What is being asked:
In the records below, find the line containing "Millennium 6923-MB Three" and the line containing "Drunk Elephant Kamili"; please repeat exactly the lines from one to the other, both included, and nothing more.

Dataset excerpts:
↓↓↓

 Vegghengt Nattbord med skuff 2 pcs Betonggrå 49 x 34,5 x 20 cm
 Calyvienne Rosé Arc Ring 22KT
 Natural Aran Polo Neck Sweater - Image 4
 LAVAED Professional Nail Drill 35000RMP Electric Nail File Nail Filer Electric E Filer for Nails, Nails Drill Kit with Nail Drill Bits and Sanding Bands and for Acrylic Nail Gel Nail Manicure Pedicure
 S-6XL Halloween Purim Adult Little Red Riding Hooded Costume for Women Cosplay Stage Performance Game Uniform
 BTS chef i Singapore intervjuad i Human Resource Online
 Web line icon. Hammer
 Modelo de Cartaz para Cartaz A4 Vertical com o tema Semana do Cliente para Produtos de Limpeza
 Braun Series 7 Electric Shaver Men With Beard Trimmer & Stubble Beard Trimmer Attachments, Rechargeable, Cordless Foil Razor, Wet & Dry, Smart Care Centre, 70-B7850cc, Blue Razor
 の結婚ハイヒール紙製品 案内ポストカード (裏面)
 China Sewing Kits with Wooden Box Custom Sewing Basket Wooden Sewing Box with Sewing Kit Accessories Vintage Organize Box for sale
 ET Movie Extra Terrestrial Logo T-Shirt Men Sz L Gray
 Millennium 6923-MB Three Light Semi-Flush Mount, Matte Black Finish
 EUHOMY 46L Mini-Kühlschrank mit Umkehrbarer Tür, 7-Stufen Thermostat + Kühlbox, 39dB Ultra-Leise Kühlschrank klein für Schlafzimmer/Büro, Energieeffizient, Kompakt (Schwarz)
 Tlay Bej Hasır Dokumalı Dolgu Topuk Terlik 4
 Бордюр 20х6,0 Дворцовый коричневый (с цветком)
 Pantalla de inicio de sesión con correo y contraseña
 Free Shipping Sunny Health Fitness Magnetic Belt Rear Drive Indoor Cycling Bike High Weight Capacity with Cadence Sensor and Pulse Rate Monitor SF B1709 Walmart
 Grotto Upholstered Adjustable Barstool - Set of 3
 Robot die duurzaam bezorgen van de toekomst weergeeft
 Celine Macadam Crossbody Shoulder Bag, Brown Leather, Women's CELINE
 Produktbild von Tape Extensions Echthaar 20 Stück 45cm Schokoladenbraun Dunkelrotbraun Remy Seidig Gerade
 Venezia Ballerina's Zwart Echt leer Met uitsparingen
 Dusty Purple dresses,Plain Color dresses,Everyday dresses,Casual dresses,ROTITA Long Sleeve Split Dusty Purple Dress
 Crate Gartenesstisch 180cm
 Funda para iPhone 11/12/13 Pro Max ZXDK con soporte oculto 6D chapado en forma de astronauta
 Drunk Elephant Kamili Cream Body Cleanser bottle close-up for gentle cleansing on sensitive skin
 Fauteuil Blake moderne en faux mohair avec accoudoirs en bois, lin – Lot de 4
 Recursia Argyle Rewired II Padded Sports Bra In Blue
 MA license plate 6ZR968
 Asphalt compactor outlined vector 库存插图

↑↑↑

Answer space:
 Millennium 6923-MB Three Light Semi-Flush Mount, Matte Black Finish
 EUHOMY 46L Mini-Kühlschrank mit Umkehrbarer Tür, 7-Stufen Thermostat + Kühlbox, 39dB Ultra-Leise Kühlschrank klein für Schlafzimmer/Büro, Energieeffizient, Kompakt (Schwarz)
 Tlay Bej Hasır Dokumalı Dolgu Topuk Terlik 4
 Бордюр 20х6,0 Дворцовый коричневый (с цветком)
 Pantalla de inicio de sesión con correo y contraseña
 Free Shipping Sunny Health Fitness Magnetic Belt Rear Drive Indoor Cycling Bike High Weight Capacity with Cadence Sensor and Pulse Rate Monitor SF B1709 Walmart
 Grotto Upholstered Adjustable Barstool - Set of 3
 Robot die duurzaam bezorgen van de toekomst weergeeft
 Celine Macadam Crossbody Shoulder Bag, Brown Leather, Women's CELINE
 Produktbild von Tape Extensions Echthaar 20 Stück 45cm Schokoladenbraun Dunkelrotbraun Remy Seidig Gerade
 Venezia Ballerina's Zwart Echt leer Met uitsparingen
 Dusty Purple dresses,Plain Color dresses,Everyday dresses,Casual dresses,ROTITA Long Sleeve Split Dusty Purple Dress
 Crate Gartenesstisch 180cm
 Funda para iPhone 11/12/13 Pro Max ZXDK con soporte oculto 6D chapado en forma de astronauta
 Drunk Elephant Kamili Cream Body Cleanser bottle close-up for gentle cleansing on sensitive skin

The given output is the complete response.